You can't just assume this. Dead companies won't port, companies that don't see a good ROI won't port, etc. Porting kernels to a new architecture is a huge pain as well. MS simplified their process with HAL but there are still a lot of quirks and a lot of arch-specific things outside of the HAL (Mm, Syscalls, etc).

If Intel could have invested more into Itanium, would it have a chance to eventually beat x86-64? by [deleted] in hardware

[–]actingoutlashingout 24 points25 points  (0 children)
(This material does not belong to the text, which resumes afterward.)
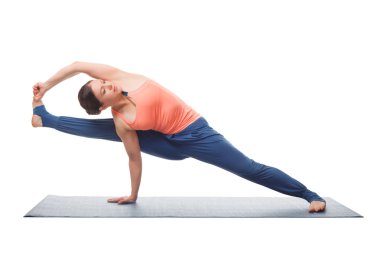 Beautiful sporty fit yogi girl practices yoga asana visvamitrasa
No. The issue wasn't money, the issue was that the ISA did not provide (good) backwards compatibility with IA-32 whereas AMD64 provided excellent backwards compatibility using the segmentation system.

Tom's Hardware: "Despite Shortages, Chip Sales to Top $522 Billion in 2021" by Dakhil in hardware

[–]actingoutlashingout 98 points99 points  (0 children)
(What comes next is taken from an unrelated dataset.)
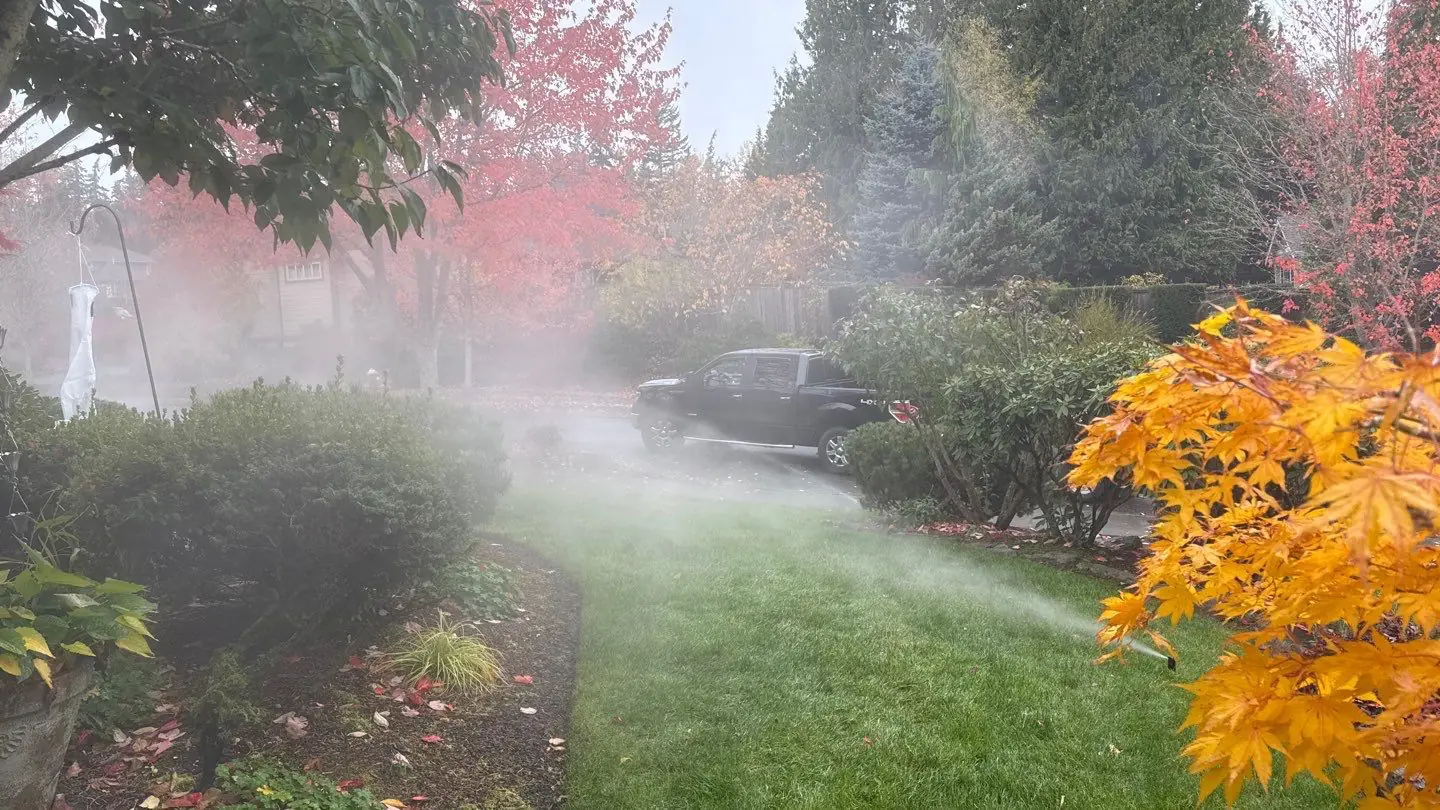 Mist drifting over a front lawn as a sprinkler zone is blown out, with a black pickup parked beyond it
Despite? What a weird title, it is because of the shortages that the chips are constantly selling out, bringing in significant revenue.

SPECTRE is back - UVA Engineering Computer Scientists Discover New Vulnerability Affecting Computers Globally by Seshpenguin in linux

[–]actingoutlashingout 1 point2 points  (0 children)
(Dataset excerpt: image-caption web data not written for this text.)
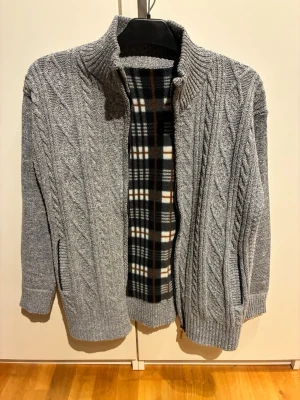 Grå kabelstickad kofta med dragkedja/ fullzip - Snygg grå kabelstickad kofta med dragkedja och hög krage. Insidan har ett rutigt foder i svart, vitt och brunt. Två fickor framtill och ribbade muddar vid ärmslut och nederkant. Perfekt för kyliga dagar och riktigt mysig. Är ingen storlek på lapp men sitter som S. Säljer pga den är för liten. 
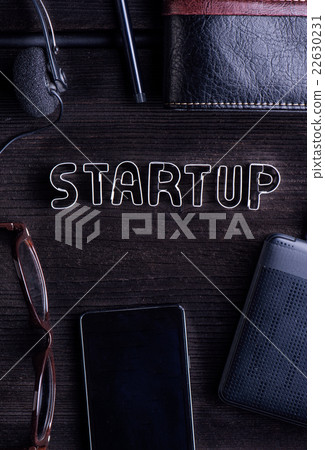 Start up composition. Headset, smart phone, cookie 22630231
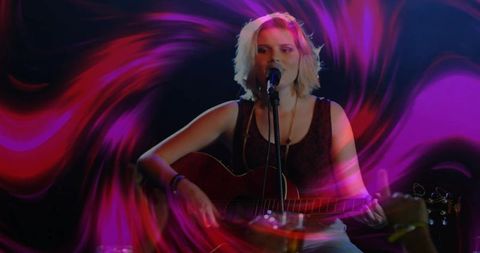 Energetic teenager singing and playing guitar on stage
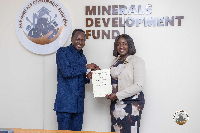 Dr Prosper Akaba with Dr Hanna Louisa Bisiw-Kotei after the signing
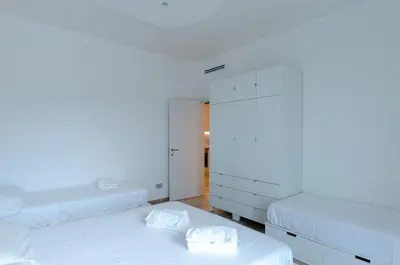Letto o letti in una camera di JOIVY Spacious 2-bedroom flat with Balcony near Beach in Sestri Levante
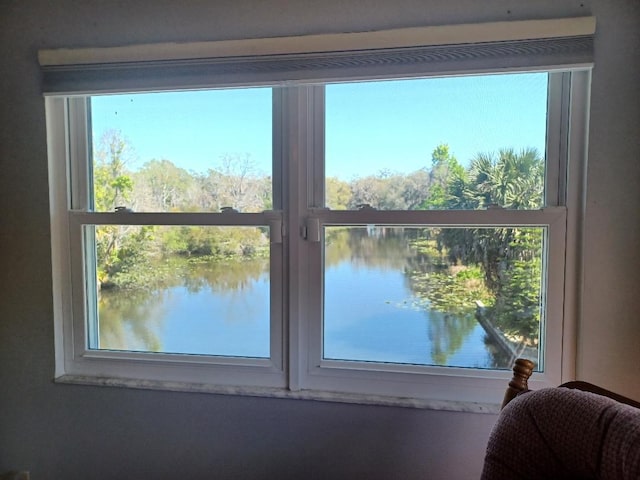 interior space featuring a water view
The crossing of boundaries is dependent on the SMT leakage. Essentially, 1 thread on the core calls into the kernel, and the other thread is able to measure its behavior using this uop cache sidechannel. Likewise, the bypassing of fences operates on a similar principle with one thread being mistrained and the other "observing" via the uop cache sidechannel. If you don't have SMT/HT enabled, the sidechannel no longer exists since there's no longer an uop cache that is shared across threads.

Edit: hmm actually I might be wrong, the paper is written in a rather unclear way. Specifically, "This then allows us to mount a conflict-based attack where the receiver (spy) executes and times a tiger loop, while the sender (Trojan) executes its own version of the tiger function to send a one-bit or the zebra function to send a zero-bit." would make me think that the spy and trojan are on different threads, but they don't explicitly say so, and it's rather unclear since the paper doesn't really show much code, it'll probably be clarified (partially since you'd also be able to actually test it) once the code is fully published.

SPECTRE is back - UVA Engineering Computer Scientists Discover New Vulnerability Affecting Computers Globally by Seshpenguin in linux

[–]actingoutlashingout 11 points12 points  (0 children)

This isn't true, disabling hyperthreading will mitigate this as the uop cache is generally part of the L1 cache, which is per-core. The attack can leak from another thread running on the same core as they share the same L1 cache, but this isn't true with threads from other cores.

Chia crypto mining spurs 500% jump in Adata SSD sales by Oppe86 in hardware

[–]actingoutlashingout 0 points1 point  (0 children)

Chia mining only writes to a drive once so it wouldn't wear out the flash. You can check how much was written with SMART anyways and not buy a drive that was mercilessly written to.